Stored records
↓

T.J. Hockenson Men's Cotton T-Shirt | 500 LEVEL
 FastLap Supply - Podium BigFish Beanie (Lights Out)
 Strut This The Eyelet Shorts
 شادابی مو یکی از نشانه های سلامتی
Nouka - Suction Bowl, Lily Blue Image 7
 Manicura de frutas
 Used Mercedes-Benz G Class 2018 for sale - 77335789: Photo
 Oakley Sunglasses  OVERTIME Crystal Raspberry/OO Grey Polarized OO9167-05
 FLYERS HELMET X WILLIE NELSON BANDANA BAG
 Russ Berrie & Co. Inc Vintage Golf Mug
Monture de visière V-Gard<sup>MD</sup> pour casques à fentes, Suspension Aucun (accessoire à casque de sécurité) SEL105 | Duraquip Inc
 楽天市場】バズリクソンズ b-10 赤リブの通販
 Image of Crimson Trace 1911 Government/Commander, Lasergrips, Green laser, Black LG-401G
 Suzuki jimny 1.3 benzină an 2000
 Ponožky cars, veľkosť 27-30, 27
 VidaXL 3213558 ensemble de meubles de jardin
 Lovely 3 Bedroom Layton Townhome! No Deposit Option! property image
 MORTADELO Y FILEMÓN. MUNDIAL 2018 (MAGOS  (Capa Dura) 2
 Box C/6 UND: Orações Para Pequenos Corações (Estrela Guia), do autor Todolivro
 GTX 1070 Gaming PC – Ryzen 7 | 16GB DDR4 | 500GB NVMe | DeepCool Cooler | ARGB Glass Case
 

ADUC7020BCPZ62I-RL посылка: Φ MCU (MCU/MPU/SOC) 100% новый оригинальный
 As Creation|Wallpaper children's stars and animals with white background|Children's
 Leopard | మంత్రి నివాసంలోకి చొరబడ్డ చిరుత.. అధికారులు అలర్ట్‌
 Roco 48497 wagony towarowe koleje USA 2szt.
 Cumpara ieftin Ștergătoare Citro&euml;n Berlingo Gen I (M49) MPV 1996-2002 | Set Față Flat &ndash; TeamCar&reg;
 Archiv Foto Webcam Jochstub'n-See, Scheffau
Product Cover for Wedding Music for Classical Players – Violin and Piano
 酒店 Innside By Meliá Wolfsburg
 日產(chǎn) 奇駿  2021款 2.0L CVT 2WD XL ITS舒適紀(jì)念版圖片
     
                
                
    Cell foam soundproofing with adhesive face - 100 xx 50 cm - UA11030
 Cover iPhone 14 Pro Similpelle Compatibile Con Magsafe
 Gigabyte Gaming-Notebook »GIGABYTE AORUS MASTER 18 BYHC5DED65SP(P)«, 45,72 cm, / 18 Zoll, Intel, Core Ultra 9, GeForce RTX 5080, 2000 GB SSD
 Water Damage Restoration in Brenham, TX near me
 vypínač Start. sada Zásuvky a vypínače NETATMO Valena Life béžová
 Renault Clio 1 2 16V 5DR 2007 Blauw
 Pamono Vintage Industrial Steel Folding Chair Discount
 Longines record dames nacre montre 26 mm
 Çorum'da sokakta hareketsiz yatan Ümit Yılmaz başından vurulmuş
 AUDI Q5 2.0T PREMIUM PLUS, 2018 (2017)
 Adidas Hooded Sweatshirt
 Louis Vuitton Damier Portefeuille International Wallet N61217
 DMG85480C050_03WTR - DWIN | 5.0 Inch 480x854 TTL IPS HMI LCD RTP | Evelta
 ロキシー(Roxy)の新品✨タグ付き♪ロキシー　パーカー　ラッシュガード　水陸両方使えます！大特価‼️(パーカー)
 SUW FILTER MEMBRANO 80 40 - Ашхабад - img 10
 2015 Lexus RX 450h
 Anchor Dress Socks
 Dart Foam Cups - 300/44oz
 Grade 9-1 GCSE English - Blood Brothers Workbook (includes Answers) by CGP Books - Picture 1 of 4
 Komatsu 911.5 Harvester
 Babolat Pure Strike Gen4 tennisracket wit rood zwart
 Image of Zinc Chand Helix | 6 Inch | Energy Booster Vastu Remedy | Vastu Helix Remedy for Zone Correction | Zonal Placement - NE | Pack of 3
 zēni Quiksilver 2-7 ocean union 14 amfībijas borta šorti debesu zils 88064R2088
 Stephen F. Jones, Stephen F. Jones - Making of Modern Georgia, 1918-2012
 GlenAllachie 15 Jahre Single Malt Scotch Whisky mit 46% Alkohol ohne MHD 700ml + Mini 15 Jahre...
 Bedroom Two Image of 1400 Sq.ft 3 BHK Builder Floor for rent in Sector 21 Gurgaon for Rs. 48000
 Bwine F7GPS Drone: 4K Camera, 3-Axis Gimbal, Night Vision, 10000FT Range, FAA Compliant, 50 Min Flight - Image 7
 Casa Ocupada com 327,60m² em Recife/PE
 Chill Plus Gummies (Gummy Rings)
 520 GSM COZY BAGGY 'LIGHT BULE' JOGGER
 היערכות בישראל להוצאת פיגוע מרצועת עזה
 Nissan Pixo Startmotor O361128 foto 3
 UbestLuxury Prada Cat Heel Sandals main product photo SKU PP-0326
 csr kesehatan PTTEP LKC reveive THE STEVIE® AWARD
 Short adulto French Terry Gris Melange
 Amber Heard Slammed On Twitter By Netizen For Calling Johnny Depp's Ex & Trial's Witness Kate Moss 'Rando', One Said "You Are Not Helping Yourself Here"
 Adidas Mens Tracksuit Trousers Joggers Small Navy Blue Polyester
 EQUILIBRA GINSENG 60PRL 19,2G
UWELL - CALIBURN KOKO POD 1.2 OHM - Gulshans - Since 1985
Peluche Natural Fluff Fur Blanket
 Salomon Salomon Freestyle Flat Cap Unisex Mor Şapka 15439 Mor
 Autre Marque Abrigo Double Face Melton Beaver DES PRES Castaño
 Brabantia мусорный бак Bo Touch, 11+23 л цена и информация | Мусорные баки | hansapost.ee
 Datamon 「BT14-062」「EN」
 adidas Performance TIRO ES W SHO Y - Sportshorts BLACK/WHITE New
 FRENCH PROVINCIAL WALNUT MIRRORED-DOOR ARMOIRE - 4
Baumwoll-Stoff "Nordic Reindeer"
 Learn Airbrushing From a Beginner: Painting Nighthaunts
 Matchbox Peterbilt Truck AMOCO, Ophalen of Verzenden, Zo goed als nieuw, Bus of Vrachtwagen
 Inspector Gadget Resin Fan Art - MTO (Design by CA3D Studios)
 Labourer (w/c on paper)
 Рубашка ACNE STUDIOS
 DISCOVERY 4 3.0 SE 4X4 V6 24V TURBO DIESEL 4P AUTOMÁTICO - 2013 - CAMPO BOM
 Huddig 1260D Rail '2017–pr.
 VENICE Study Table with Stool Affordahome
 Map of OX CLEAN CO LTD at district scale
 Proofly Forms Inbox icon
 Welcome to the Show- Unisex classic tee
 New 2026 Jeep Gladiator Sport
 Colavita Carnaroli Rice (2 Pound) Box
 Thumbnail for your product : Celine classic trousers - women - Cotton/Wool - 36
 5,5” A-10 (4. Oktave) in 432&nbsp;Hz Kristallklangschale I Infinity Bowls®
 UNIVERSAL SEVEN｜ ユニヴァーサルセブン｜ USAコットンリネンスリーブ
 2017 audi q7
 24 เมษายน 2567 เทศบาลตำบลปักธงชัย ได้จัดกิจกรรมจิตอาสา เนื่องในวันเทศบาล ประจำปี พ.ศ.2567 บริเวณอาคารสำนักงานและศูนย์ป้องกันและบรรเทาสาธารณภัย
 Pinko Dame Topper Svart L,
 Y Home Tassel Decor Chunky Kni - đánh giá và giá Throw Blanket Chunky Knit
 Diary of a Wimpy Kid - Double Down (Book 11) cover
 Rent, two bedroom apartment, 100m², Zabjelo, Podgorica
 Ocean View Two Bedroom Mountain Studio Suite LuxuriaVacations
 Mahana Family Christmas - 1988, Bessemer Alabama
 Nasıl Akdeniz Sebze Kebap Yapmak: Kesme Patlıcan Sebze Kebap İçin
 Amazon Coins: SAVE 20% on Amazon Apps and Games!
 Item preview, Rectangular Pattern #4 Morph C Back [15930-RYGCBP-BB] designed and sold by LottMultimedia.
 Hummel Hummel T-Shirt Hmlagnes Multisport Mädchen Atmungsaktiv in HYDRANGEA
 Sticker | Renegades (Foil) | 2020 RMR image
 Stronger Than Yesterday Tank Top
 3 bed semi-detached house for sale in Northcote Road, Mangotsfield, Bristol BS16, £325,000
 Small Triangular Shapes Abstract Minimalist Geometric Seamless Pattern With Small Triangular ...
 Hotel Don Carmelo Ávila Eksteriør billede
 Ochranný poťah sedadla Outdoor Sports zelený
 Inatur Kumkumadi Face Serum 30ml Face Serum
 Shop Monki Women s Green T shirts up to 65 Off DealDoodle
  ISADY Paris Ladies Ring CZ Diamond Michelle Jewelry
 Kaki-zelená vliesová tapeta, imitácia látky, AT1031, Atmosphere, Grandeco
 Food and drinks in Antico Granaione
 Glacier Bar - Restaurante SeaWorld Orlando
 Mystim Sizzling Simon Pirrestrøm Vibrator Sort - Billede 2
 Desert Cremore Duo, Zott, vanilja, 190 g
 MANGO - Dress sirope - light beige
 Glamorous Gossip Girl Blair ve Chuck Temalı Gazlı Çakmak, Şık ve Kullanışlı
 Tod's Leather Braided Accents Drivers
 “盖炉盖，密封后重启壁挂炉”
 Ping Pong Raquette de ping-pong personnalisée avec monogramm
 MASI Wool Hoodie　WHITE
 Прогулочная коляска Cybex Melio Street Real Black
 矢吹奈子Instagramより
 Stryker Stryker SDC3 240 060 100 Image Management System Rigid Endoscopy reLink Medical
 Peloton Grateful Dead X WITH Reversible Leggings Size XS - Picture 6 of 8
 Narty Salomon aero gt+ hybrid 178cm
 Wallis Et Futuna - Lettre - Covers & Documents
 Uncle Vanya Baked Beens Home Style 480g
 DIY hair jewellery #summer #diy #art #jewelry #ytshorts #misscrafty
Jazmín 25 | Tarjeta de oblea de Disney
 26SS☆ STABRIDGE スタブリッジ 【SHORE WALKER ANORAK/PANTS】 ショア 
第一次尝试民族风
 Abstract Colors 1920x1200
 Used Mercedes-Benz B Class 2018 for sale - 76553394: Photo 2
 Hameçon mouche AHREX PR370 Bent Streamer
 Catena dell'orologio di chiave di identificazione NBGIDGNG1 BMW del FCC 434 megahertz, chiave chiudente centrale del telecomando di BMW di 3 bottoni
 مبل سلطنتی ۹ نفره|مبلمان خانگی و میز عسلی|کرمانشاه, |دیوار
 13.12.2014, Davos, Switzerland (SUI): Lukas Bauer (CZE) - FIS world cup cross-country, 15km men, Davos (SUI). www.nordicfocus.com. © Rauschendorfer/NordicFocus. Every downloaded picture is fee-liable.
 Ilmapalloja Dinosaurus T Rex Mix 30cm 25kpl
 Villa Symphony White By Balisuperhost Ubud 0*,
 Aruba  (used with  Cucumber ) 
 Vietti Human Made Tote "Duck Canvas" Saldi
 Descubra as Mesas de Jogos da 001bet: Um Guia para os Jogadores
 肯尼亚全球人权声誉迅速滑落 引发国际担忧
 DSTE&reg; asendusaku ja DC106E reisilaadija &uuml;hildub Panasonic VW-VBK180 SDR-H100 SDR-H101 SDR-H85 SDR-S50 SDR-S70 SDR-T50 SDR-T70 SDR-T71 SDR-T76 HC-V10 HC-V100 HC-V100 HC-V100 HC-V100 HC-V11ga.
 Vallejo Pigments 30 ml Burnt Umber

↑

> Work instruction
In the data above, retype exactly and only the lines between the one holding "VENICE Study Table with Stool Affordahome" and the one holding "Stryker Stryker SDC3", inclusive.

> Reply
 VENICE Study Table with Stool Affordahome
 Map of OX CLEAN CO LTD at district scale
 Proofly Forms Inbox icon
 Welcome to the Show- Unisex classic tee
 New 2026 Jeep Gladiator Sport
 Colavita Carnaroli Rice (2 Pound) Box
 Thumbnail for your product : Celine classic trousers - women - Cotton/Wool - 36
 5,5” A-10 (4. Oktave) in 432&nbsp;Hz Kristallklangschale I Infinity Bowls®
 UNIVERSAL SEVEN｜ ユニヴァーサルセブン｜ USAコットンリネンスリーブ
 2017 audi q7
 24 เมษายน 2567 เทศบาลตำบลปักธงชัย ได้จัดกิจกรรมจิตอาสา เนื่องในวันเทศบาล ประจำปี พ.ศ.2567 บริเวณอาคารสำนักงานและศูนย์ป้องกันและบรรเทาสาธารณภัย
 Pinko Dame Topper Svart L,
 Y Home Tassel Decor Chunky Kni - đánh giá và giá Throw Blanket Chunky Knit
 Diary of a Wimpy Kid - Double Down (Book 11) cover
 Rent, two bedroom apartment, 100m², Zabjelo, Podgorica
 Ocean View Two Bedroom Mountain Studio Suite LuxuriaVacations
 Mahana Family Christmas - 1988, Bessemer Alabama
 Nasıl Akdeniz Sebze Kebap Yapmak: Kesme Patlıcan Sebze Kebap İçin
 Amazon Coins: SAVE 20% on Amazon Apps and Games!
 Item preview, Rectangular Pattern #4 Morph C Back [15930-RYGCBP-BB] designed and sold by LottMultimedia.
 Hummel Hummel T-Shirt Hmlagnes Multisport Mädchen Atmungsaktiv in HYDRANGEA
 Sticker | Renegades (Foil) | 2020 RMR image
 Stronger Than Yesterday Tank Top
 3 bed semi-detached house for sale in Northcote Road, Mangotsfield, Bristol BS16, £325,000
 Small Triangular Shapes Abstract Minimalist Geometric Seamless Pattern With Small Triangular ...
 Hotel Don Carmelo Ávila Eksteriør billede
 Ochranný poťah sedadla Outdoor Sports zelený
 Inatur Kumkumadi Face Serum 30ml Face Serum
 Shop Monki Women s Green T shirts up to 65 Off DealDoodle
  ISADY Paris Ladies Ring CZ Diamond Michelle Jewelry
 Kaki-zelená vliesová tapeta, imitácia látky, AT1031, Atmosphere, Grandeco
 Food and drinks in Antico Granaione
 Glacier Bar - Restaurante SeaWorld Orlando
 Mystim Sizzling Simon Pirrestrøm Vibrator Sort - Billede 2
 Desert Cremore Duo, Zott, vanilja, 190 g
 MANGO - Dress sirope - light beige
 Glamorous Gossip Girl Blair ve Chuck Temalı Gazlı Çakmak, Şık ve Kullanışlı
 Tod's Leather Braided Accents Drivers
 “盖炉盖，密封后重启壁挂炉”
 Ping Pong Raquette de ping-pong personnalisée avec monogramm
 MASI Wool Hoodie　WHITE
 Прогулочная коляска Cybex Melio Street Real Black
 矢吹奈子Instagramより
 Stryker Stryker SDC3 240 060 100 Image Management System Rigid Endoscopy reLink Medical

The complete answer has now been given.